Cette décision intervient après que la Cour de cassation, dans une décision très remarquée du 17 décembre 2008 a dans la même affaire censuré l’arrêt qui avait déclaré irrecevable l’action du ministère public en annulation de la transcription.
L’arrêt rendu jeudi par la même cour de Paris autrement composée a reçu un large écho y compris dans la grande presse où il est surtout envisagé comme une étape dans le combat mené par les époux Menesson pour la reconnaissance en France de l’état civil de leurs enfants. Interrogés par le journal Libération, ceux-ci veulent retenir de la décision que, si elle se range à la position de la Cour de cassation sur le refus de la transcription des actes de naissance sur les registres de l’état civil français, elle n’en a pas moins selon eux « confirmé » le lien de filiation entre eux et leurs jumelles.
Il reste que, n’en déplaise à ceux qui voudraient dépeindre ce contentieux comme une longue marche de familles brimées par le conservatisme du juge français vers une inévitable et légitime consécration des conventions de mères porteuses, on ne peut guère donner tort à la cour de Paris lorsqu’elle énonce que la considération de l’intérêt supérieur de l’enfant ne saurait suffire à justifier l’admission de la transcription des actes de naissance sur les registres de l’état civil français, sous peine de manquer à la cohérence la plus élémentaire en validant ainsi a posteriori une procédure interdite par la loi française, validation indirecte qui, précise la cour, serait en contrariété avec la conception française de l’ordre public international.
N’y a-t-il pas d’ailleurs — pour le moins — quelque inconséquence à aller procéder à l’étranger à pareille opération que l’on sait proscrite en France, et à solliciter ensuite du droit français qu’il se déjuge au nom de l’intérêt supérieur de l’enfant ?
Pareille politique du fait accompli n’est pas du meilleur effet pour convaincre du bien-fondé de sa démarche… Il est vrai d’un autre côté que la réponse en demi-teinte du juge français n’est pas de nature à fournir une solution satisfaisante.

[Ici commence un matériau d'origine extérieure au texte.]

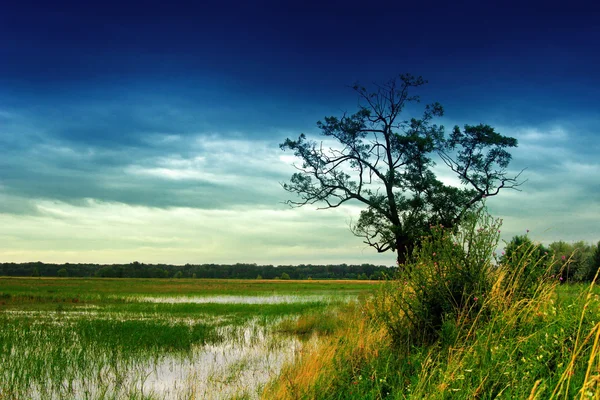 Olivier dans un paysage rural — Photo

Reste à espérer que le législateur parvienne à trancher cette épineuse question sociétale, et que le débat parlementaire qui s’annonce (le Parlement est actuellement saisi de deux propositions de lois) évite les chemins de la caricature et du manichéisme qu’il emprunte trop souvent en ces matières particulièrement sensibles où il est toujours plus confortable de se dire du côté du « progrès ». À ceux qui seraient tentés de faire l’économie du débat au motif que la consécration de telles conventions est aujourd’hui appelée de leurs vœux par des voix éclairées de tous horizons politiques, on recommandera la lecture de l’ouvrage de Sylviane Agacinski (Corps en miettes, Flammarion, 2009), peu suspecte de conservatisme effréné, qui stigmatise les risques d’une telle légalisation.